Si cercano risposte, non più parole
Chi usa Google oggi non digita più “ristorante Milano centro”: scrive frasi intere, racconta un problema, chiede consiglio come farebbe con un amico al bar. La barra di ricerca, da stretto corridoio a senso unico, è diventata una piazza dove la gente si ferma a raccontare. Per noi cambia parecchio: non basta più la parola chiave giusta, serve capire l’intenzione dietro una domanda lunga e confidenziale. Google dice che chi usa i suoi strumenti AI ottiene il 27% di conversioni in più. Numero loro: da prendere con le pinze che si usano sempre con le statistiche di chi vende il prodotto di cui parla bene.
“Superpoteri” per il marketing, dice Google. Ma il volante chi lo tiene?
La promessa è seducente, un canto di sirena: l’AI ci renderebbe più efficaci, più bravi a intercettare il momento giusto per vendere. È lo stesso ritornello di sempre, solo con un nome nuovo, prima le parole chiave generiche, poi le campagne Smart, ora AI Max. Il messaggio non cambia: fidati, lascia il volante all’algoritmo, a destinazione ci arrivi comunque. Il problema è che più lasciamo guidare questi sistemi, meno vediamo la strada e i criteri con cui decidono chi sorpassa. Sono cofani saldati: funzionano, ma non si aprono più per controllare il motore.

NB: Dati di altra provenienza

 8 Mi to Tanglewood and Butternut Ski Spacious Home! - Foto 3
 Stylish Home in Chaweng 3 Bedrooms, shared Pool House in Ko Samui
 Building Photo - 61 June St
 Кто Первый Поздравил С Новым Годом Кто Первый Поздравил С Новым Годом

Comprare parlando: comodo per chi compra, opaco per chi vende
Il futuro descritto è senza attrito: si parla con l’AI come con un commesso di fiducia, si sceglie il prodotto, si paga in un istante grazie all’Universal Commerce Protocol. Bello per chi acquista. Ma chi vende dovrebbe chiedersi: se è il commesso digitale a scegliere per il cliente, chi decide quale scaffale mettere in vetrina, e con quali criteri? Oggi non è trasparente, e dovrebbe preoccupare chiunque abbia un negozio online.

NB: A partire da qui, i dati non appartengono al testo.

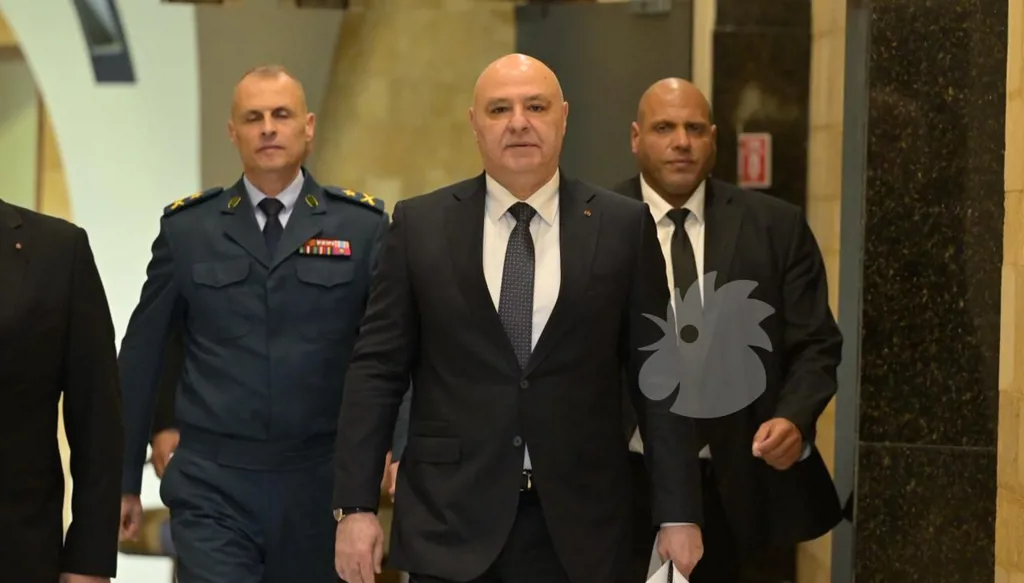 الرئيس جوزف عون (نبيل إسماعيل).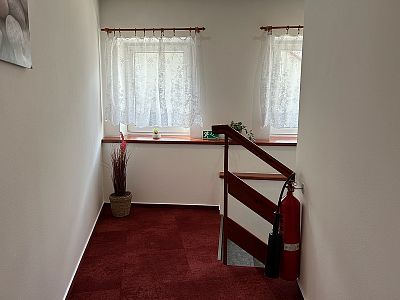 Čtyři plně vybavené podkrovní pokoje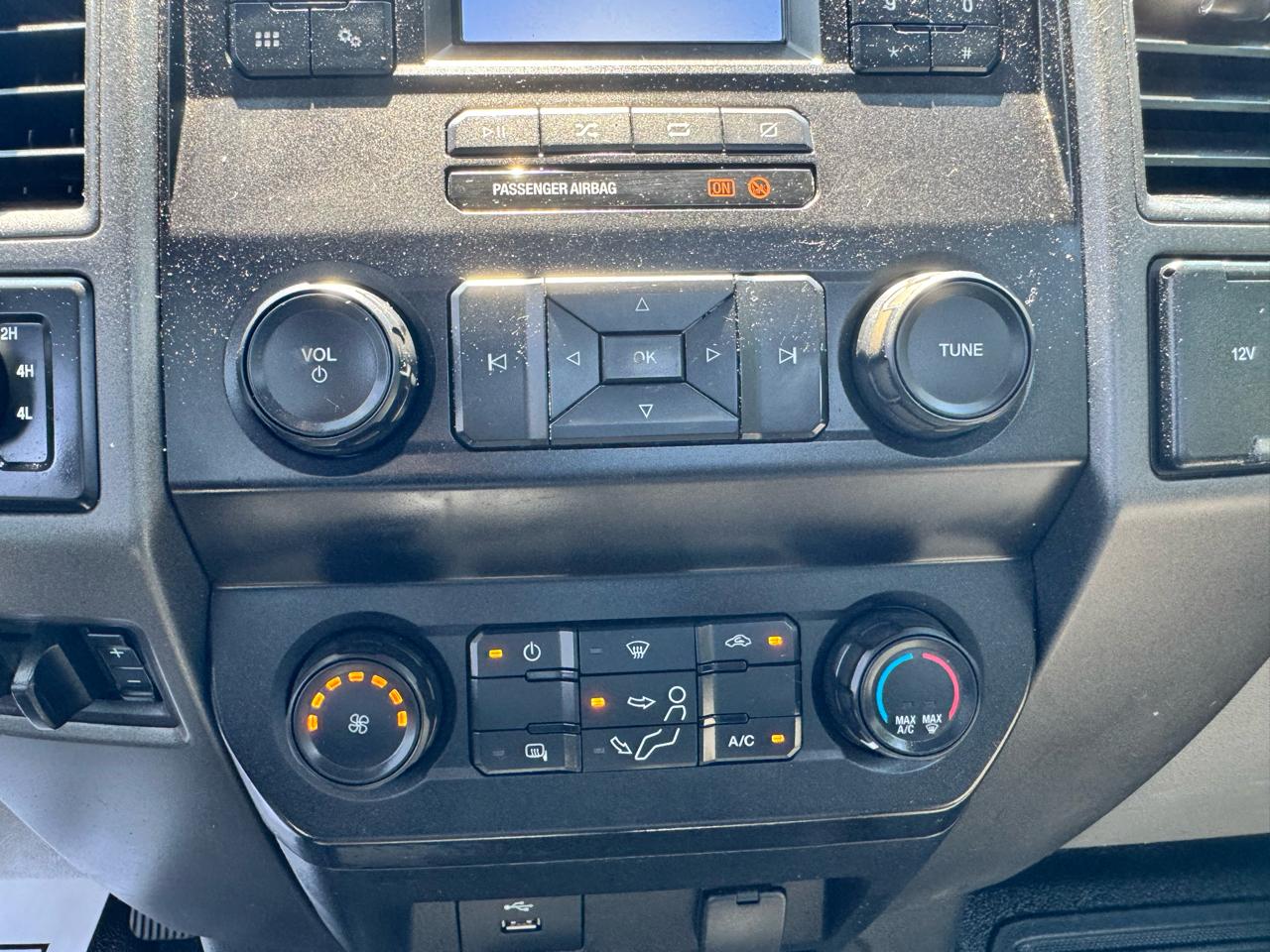 Ford Super Duty F-350 DRW XLT 4WD Reg Cab 145" WB 60" CA 2021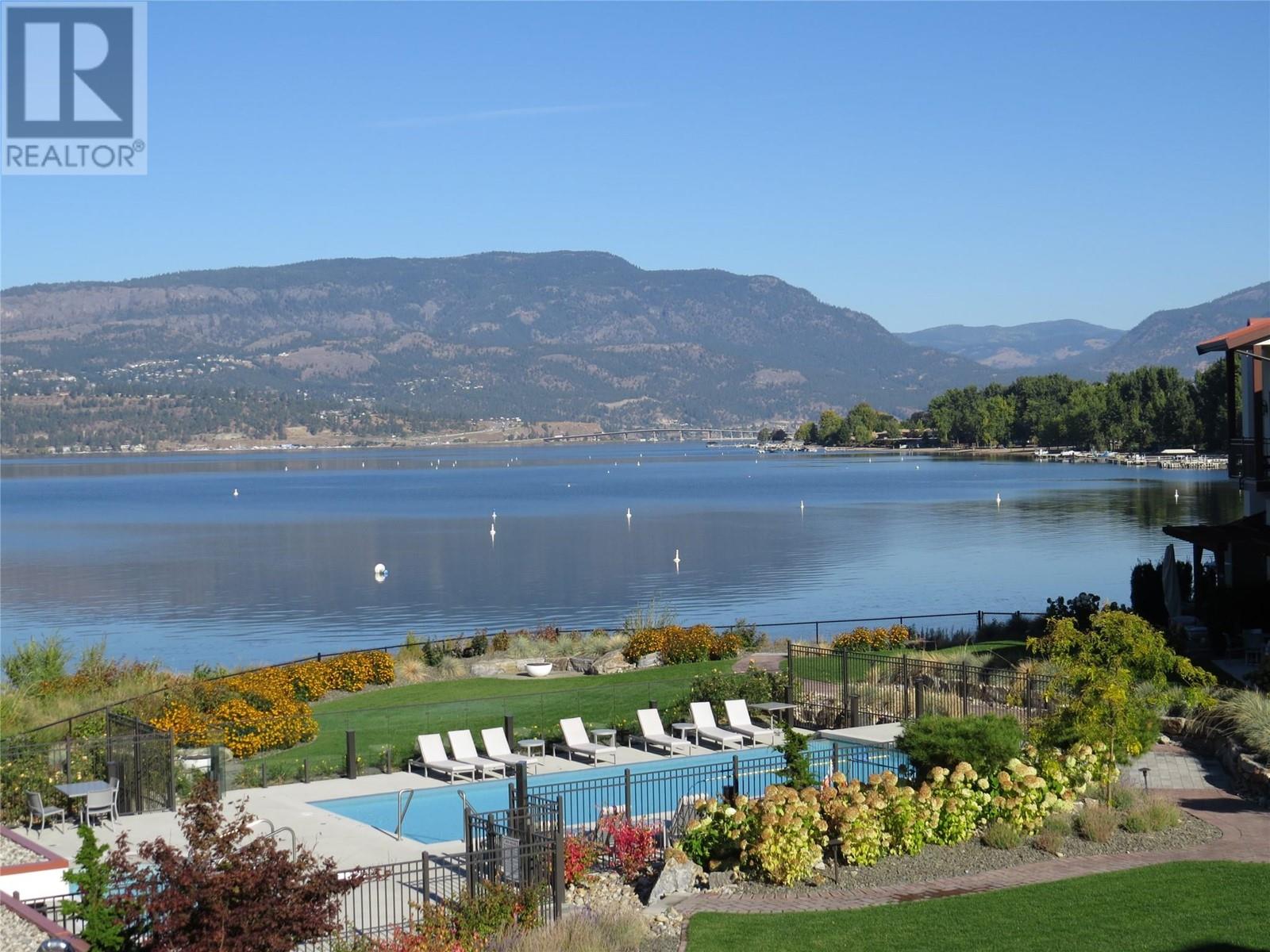 4 3756 Lakeshore Road, Kelowna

Il web serve ancora, dice Google. Ma quanto traffico gli lascia?
Il punto più onesto del discorso: l’AI da sola non basta, le persone vogliono ancora recensioni vere, esperienza umana. La Ricerca migliore, si dice, è un fiume alimentato da più affluenti, non da uno solo. Bello a dirsi, ma i dati sul traffico raccontano un’altra storia: da quando le risposte AI compaiono direttamente nei risultati, molti siti vedono calare le visite, perché l’utente trova l’acqua già nel bicchiere senza andare alla fonte. Google dice di valorizzare il web. Nei fatti lo sta prosciugando goccia dopo goccia.

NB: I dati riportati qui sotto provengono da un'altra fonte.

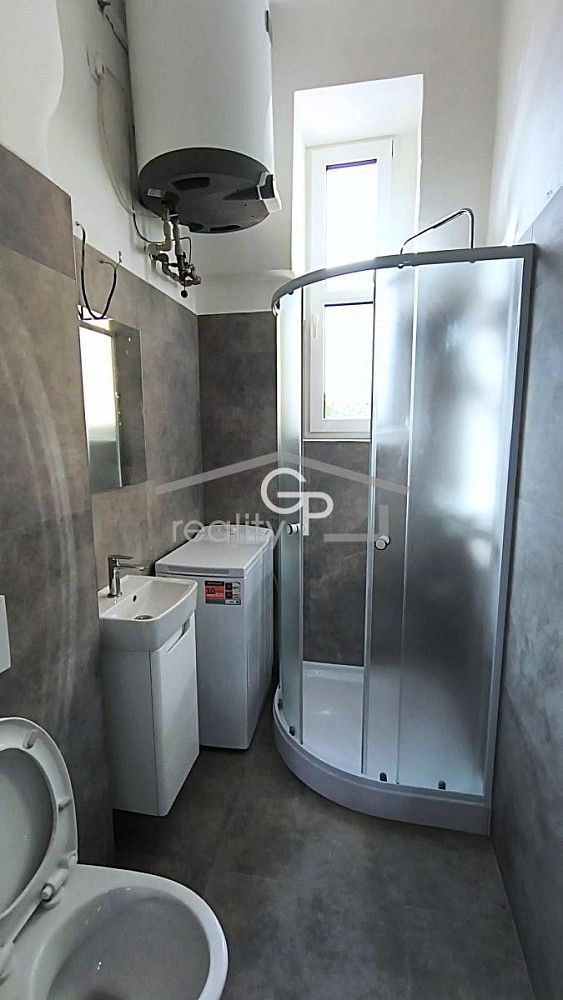 Pronájem byt 2+1 - Nádražní, České Budějovice - České Budějovice 6, 54 m² - 5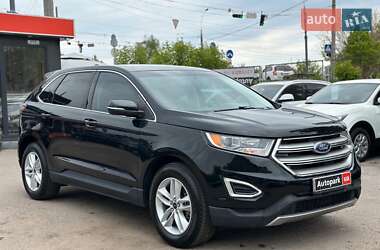 Внедорожник / Кроссовер Ford Edge 2017 в 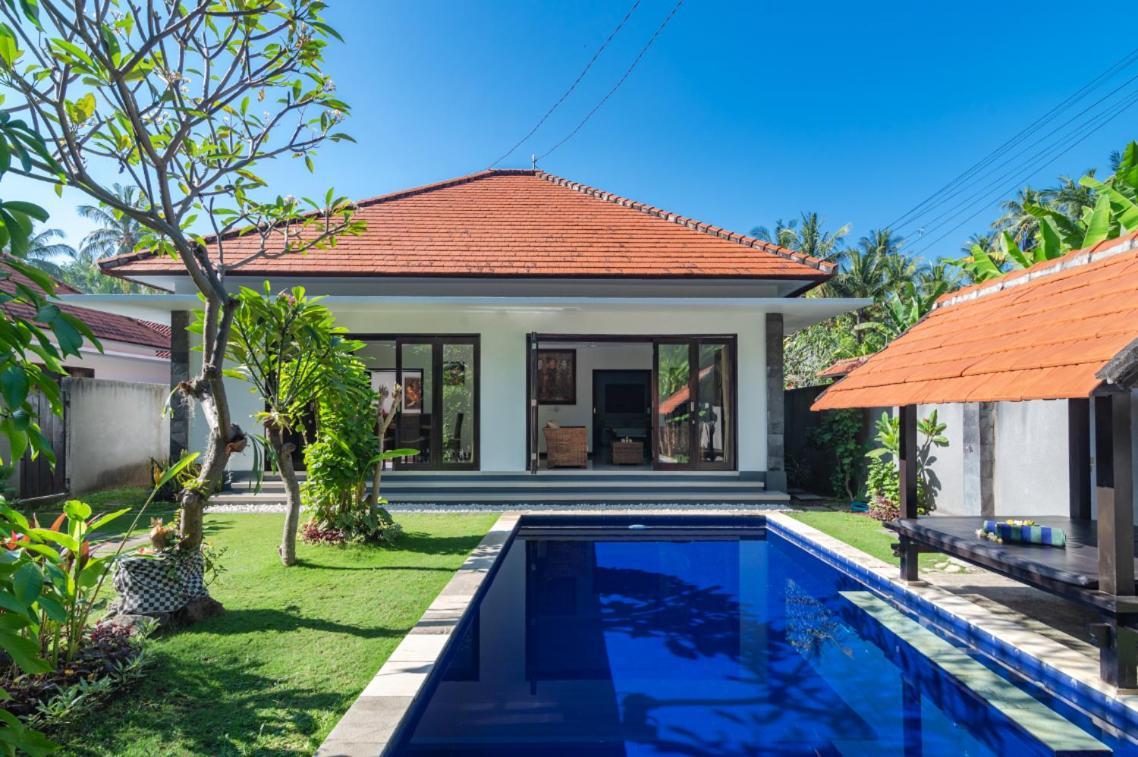 Villas Anna Bali Ловина Экстерьер фото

“Scrivete contenuti di qualità”: il consiglio giusto, detto da chi ha interesse a darlo
Per farsi notare dall’AI bisogna scrivere in profondità, con un punto di vista che solo noi possiamo dare. Consiglio sensato, come quello di allenarsi per correre più forte. Ma comodo per chi lo dà: scarica su di noi tutta la fatica, senza mai spiegare quale traguardo sceglie di premiare, né quanti di quei contenuti finiscano davvero letti da un umano invece che masticati e risputati da una macchina.
Cosa portarsi a casa
Il discorso non è propaganda vuota: le indicazioni utili ci sono, e i nostri contenuti devono rispondere a domande più lunghe e vere, non solo a parole chiave. Ma va letto come si legge il bugiardino scritto da chi il farmaco lo vende: le informazioni ci sono tutte, ma qualcuno le ha scelte pensando anche al proprio interesse. La strategia giusta non è correre dietro ogni annuncio come un cane dietro il bastone. È capire cosa cambia per le persone che vogliamo raggiungere, ricordando sempre chi ci dà il consiglio.